§ The task: Retype the lines below exactly, but only those from the line that has "Repose-pieds MAROLS 31" through the line that has "Test na ADHD". Omit every picture.
++++ Given records ++++
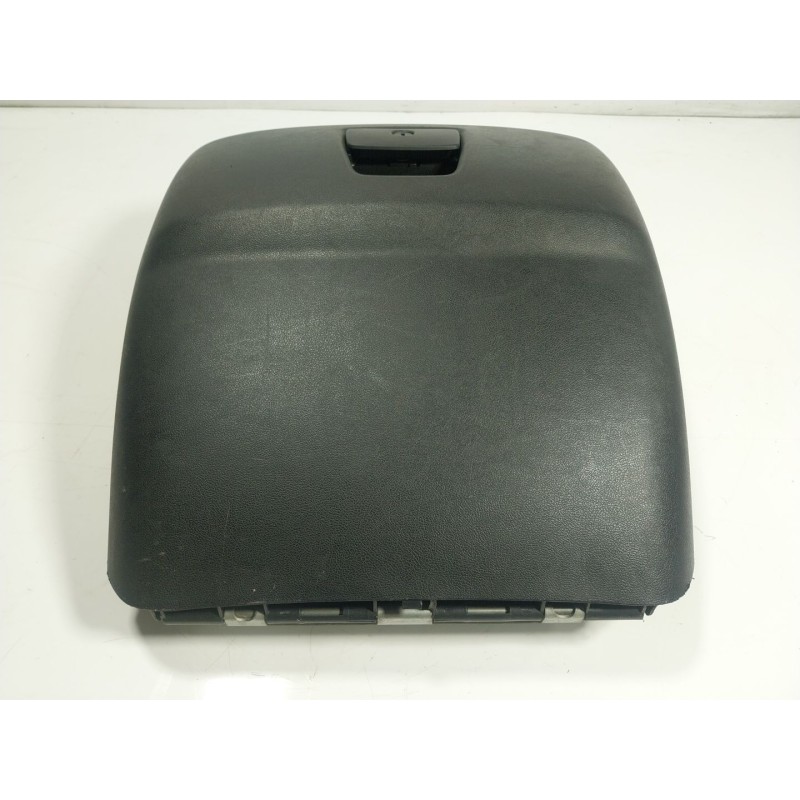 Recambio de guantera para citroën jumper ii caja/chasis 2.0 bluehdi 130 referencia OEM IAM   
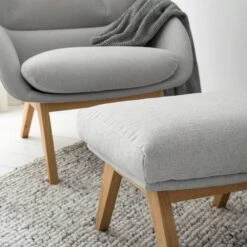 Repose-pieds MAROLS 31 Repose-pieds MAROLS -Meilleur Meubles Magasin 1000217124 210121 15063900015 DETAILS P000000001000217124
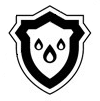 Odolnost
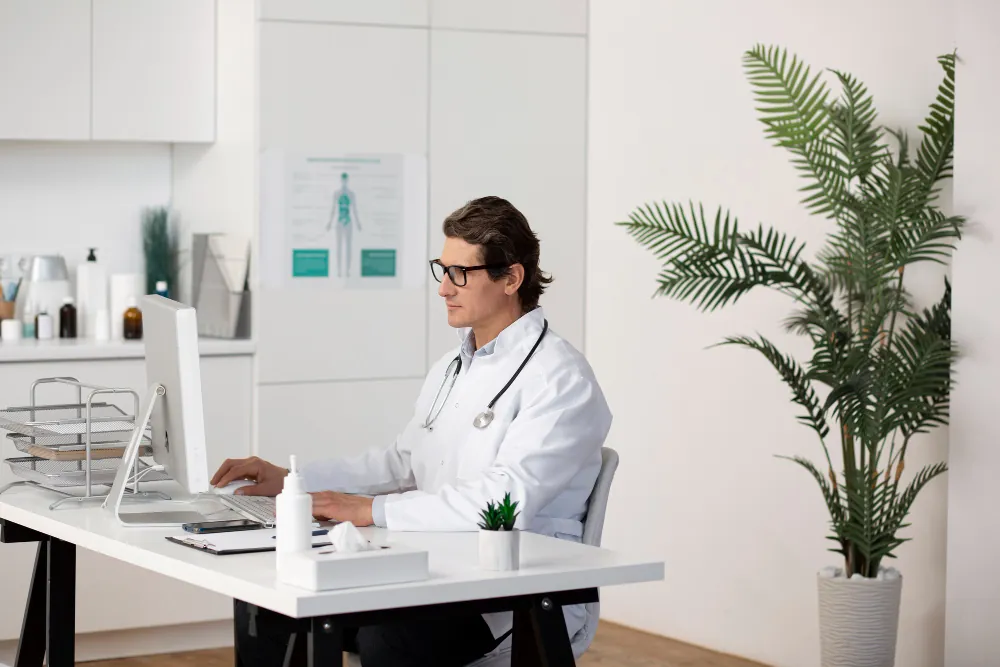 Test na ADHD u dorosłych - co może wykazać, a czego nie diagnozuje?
++++
++++ Given records ++++
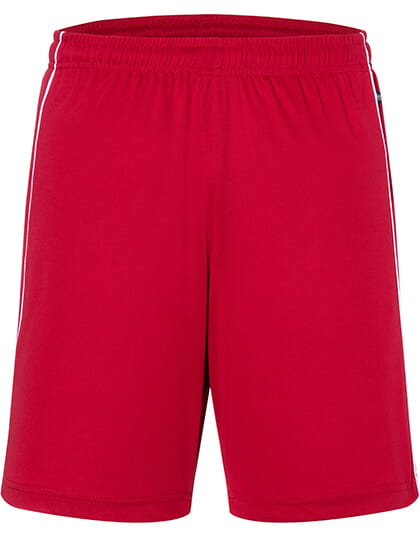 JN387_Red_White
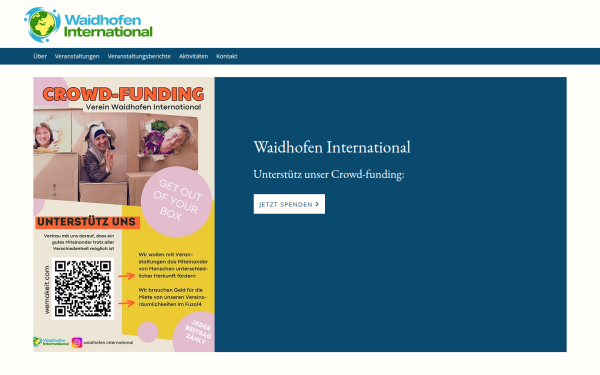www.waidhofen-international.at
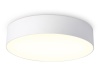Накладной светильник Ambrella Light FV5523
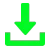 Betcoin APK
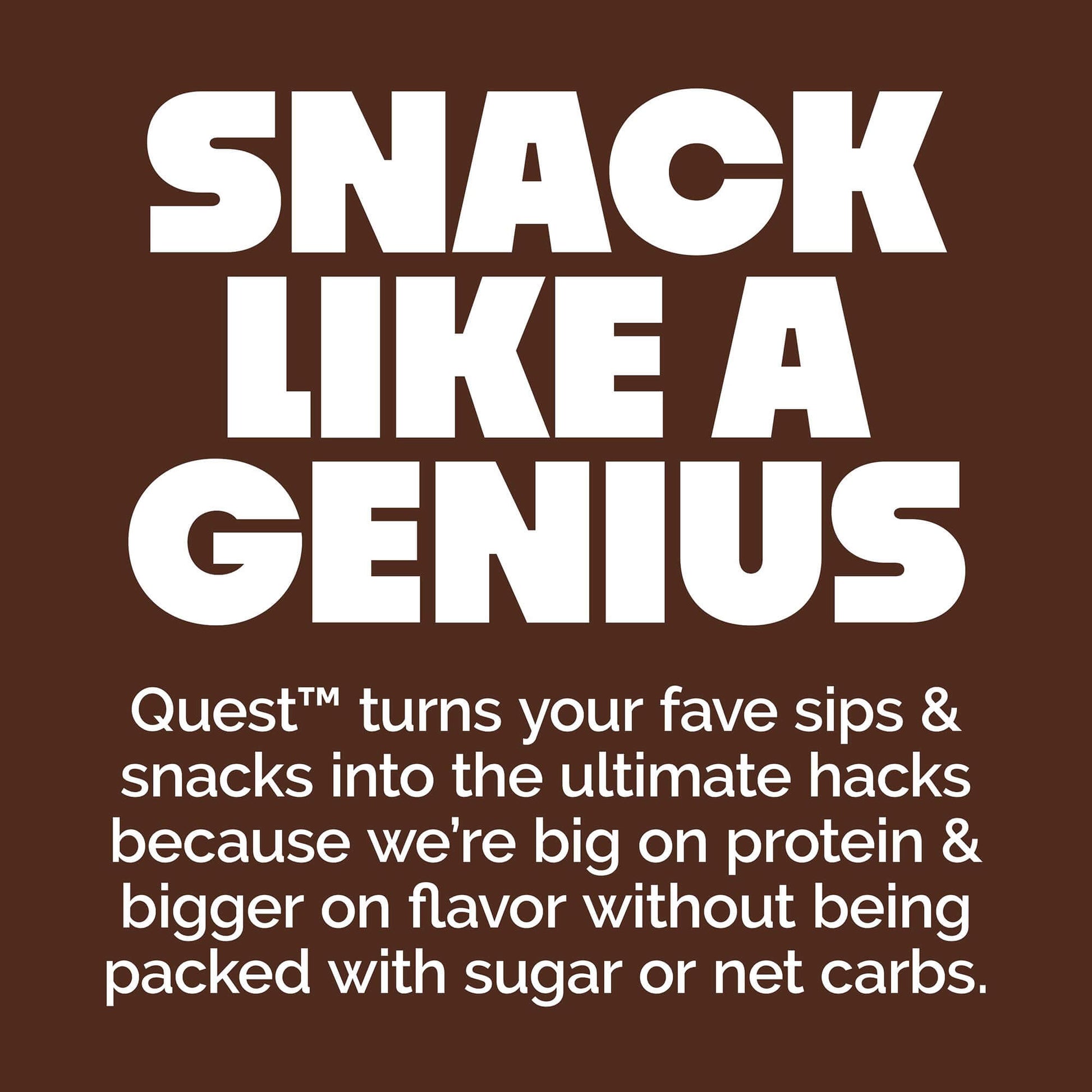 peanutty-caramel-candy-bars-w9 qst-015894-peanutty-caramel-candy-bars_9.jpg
++++
§ Answer to the problem:
 Repose-pieds MAROLS 31 Repose-pieds MAROLS -Meilleur Meubles Magasin 1000217124 210121 15063900015 DETAILS P000000001000217124
 Odolnost
 Test na ADHD u dorosłych - co może wykazać, a czego nie diagnozuje?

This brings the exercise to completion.